Die Bundesnetzagentur legt zu Beginn jeder Regulierungsperiode auf der Grundlage der Anreizregulierungsverordnung (ARegV) jährliche Erlösobergrenzen für jedes Gasnetz fest. Die jährlichen Erlöse sind maßgeblich für die Bildung der Netzentgelte, die für die Nutzung des Gasnetzes zu zahlen sind. Netzbetreiber sind verpflichtet, bei einer Anpassung der Erlösobergrenze gemäß § 4 Abs. 3 und 5 ARegV ihre Netzentgelte anzupassen, soweit sich daraus eine Senkung der Netzentgelte ergäbe. Im Übrigen sind sie im Falle einer Anpassung der Erlösobergrenze gemäß § 4 Abs. 3 und 4 ARegV zur Anpassung der Netzentgelte berechtigt.

Gemäß § 17 Abs. 2 i. V. m. § 4 Abs. 3 und 4 ARegV passt die Gasversorgung Wismar Land GmbH mit Wirkung zum 01.01.2017 ihre Netzentgelte an.

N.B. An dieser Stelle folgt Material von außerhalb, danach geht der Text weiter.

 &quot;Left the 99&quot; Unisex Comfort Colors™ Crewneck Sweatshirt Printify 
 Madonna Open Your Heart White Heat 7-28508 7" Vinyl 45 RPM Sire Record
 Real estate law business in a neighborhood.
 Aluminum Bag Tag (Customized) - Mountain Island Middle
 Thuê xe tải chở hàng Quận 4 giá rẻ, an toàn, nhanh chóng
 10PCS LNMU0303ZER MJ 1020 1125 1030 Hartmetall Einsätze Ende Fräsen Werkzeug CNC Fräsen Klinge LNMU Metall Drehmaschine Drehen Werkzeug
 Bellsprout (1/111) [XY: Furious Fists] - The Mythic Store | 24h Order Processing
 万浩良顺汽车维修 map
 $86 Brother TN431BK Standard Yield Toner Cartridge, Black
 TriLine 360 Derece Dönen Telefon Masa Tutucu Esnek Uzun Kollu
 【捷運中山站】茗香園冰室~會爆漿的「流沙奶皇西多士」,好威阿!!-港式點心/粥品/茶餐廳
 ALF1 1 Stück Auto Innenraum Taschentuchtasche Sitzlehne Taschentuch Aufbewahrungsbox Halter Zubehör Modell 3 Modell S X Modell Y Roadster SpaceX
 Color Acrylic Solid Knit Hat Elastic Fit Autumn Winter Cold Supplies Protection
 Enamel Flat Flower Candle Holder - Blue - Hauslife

Wir weisen darauf hin, dass Änderungen der für das folgende Kalenderjahr bislang ermittelten Netzentgelte weiterhin bis spätestens zum 1. Januar 2017 vorbehalten bleiben müssen. Dies ergibt sich insbesondere aus einer möglichen Änderung der vorgelagerten Netzentgelte, auf die wir keinen Einfluss haben. Die Änderungen können sich jedoch beispielsweise auch aufgrund anderer regulatorischer Vorgaben ergeben.

Mehr- und Mindermengen

Die Gasversorgung Wismar Land GmbH verwendet ab 01.10.2008 gemäß § 12 Netzzugangsbedingungen die vom Bilanzkreisnetzbetreiber veröffentlichten mittleren Ausgleichsenergiepreise für die Abrechnung der Mehr- und Mindermengen.
Diese sind auf der Internetseite des Marktgebietsverantwortlichen veröffentlicht.

Zusatzleistungen

Konzessionsabgabe

Die Höhe der Konzessionsabgabe richtet sich nach dem zwischen der Gemeinde, in der sich die Entnahmestelle befindet, und der Gasversorgung Wismar Land GmbH geschlossenen Konzessionsvertrag in Verbindung mit der Konzessionsabgabenverordnung.